RDP 2009-03: Competition Between Payment Systems: Results 6. Conclusions
April 2009
In this paper we have used our ECR model and several others to study competition between payment systems. Because of the complexity of such competition, all models necessarily involve some simplifications to make them tractable. For example, our ECR model does not incorporate ‘business stealing’ considerations, nor does it allow for separate issuers and acquirers (being a model of competing three-party rather than four-party payment networks).
Our ECR model does, however, overcome several key limitations of earlier models used in the literature. Most notably it allows for flat rather than per-transaction pricing by platforms to consumers, and endogenises card holding and acceptance decisions by both consumers and merchants. These represent steps towards a more realistic treatment of payments system competition in a range of practical settings of interest. A number of key messages and subsidiary findings emerge from our analysis, which we would expect to be robust to the use of alternative modelling approaches.
The main message is that platforms' use of flat rather than per-transaction pricing to consumers has a potentially major impact on the behaviour of platforms, merchants and consumers. Caution is therefore called for in drawing any firm conclusions about market behaviour from models which assume purely per-transaction pricing. For example, our results show that introducing flat pricing by platforms to consumers calls into question what had been a consistent finding in the literature: that an increase in the propensity of consumers to single-home will necessarily lead competing platforms to bias their prices in favour of consumers relative to merchants.
One reason we would expect this general message to be robust to plausible changes to our specific ECR model is that, in a world where both sides of the market may choose to multi-home, the use of flat pricing leads to different consumers facing different effective per-transaction prices for the use of a given platform's card. This is not the case when platforms' pricing to both sides is on a purely per-transaction basis, or when (as in the CR model) consumers are prohibited by fiat from multi-homing. It thus represents a fundamental change (and one that better matches reality in, say, the case of competing credit card schemes).

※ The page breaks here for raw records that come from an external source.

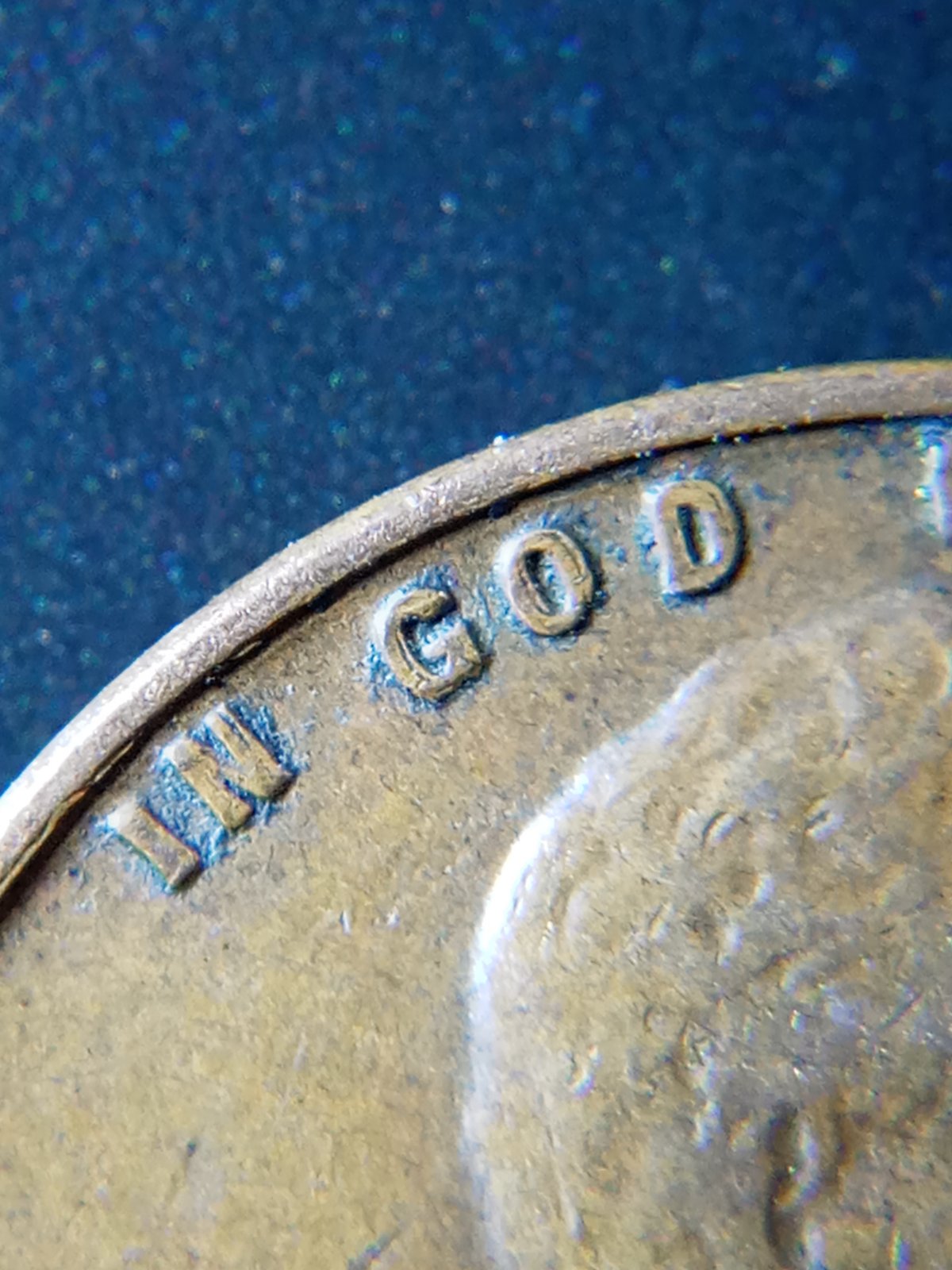 1936-DDO-Fs101.--My-First-DDO-Find.--Wondering-What-A-Realistic-Value-Would-Be?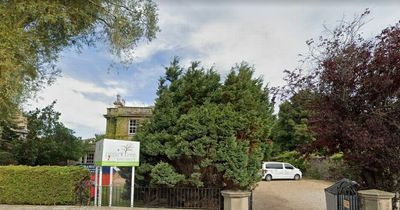 Inspectors visiting East Lothian nursery had to step in to feed 'hungry children'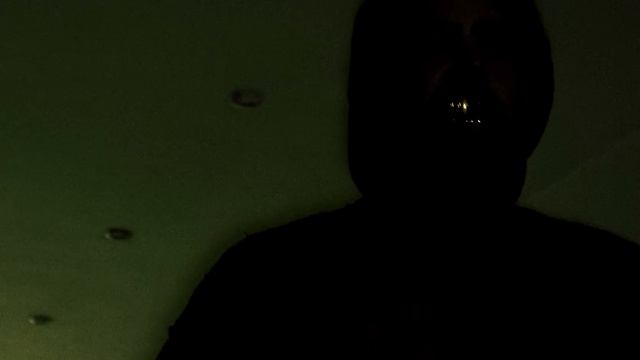 JEEMBO — 0000000 смотреть онлайн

A second, subsidiary finding of our analysis of flat versus per-transaction pricing is that, even in a world where platforms use purely per-transaction pricing, care needs to be taken in describing the relationship between a side's propensity to single-home and the relative attractiveness of the pricing it will be offered by competing networks. Various papers, in reporting there to be a positive link, have stated it in quite general terms. For example, Rysman (2007) asserts that ‘the literature on two-sided markets establishes that, in a competitive market for payment networks, the side that multi-homes subsidizes the side that single-homes’ (p 10).
Our results, however, not only show the need to qualify such statements as applying only to situations where platforms use solely per-transaction pricing, but also demonstrate the need for a further caveat. This relates to which side holds the choice of instrument at the moment of sale. Specifically, our results show that a positive link only holds between the propensity to single-home on the side with the final choice of payment instrument, and the relative attractiveness of platforms' pricing to that side. Where the propensity to single-home increases on the side without the final choice of payment instrument, this can lead to less attractive pricing to that side, in proportional terms, even where platforms' pricing to both sides is on a purely per-transaction basis.
Finally, as noted previously by Hermalin and Katz (2006), possessing the final choice of payment instrument may not be an unalloyed benefit to consumers because it may shift competing platforms' price structures in favour of merchants and against consumers. Of course, other factors – including some not incorporated in our various models, such as ‘business stealing’ considerations – will likely work to push these price structures in the opposite direction. However, even if these other factors dominate, it is still potentially helpful to be aware of this possible influence on platforms' pricing behaviour, and to understand how it would change with variations in key elements of platforms' cost structures or the preferences of market participants.
In this regard, the results from our basic PTP model, and various generalisations of it, extend the findings of Hermalin and Katz. These results show that the force of the Hermalin and Katz phenomenon falls off not only as competing platforms' per-transaction costs rise, but also as their per-subscriber costs increase, and as consumers' innate predisposition to single-home rises (at least above a certain low threshold level).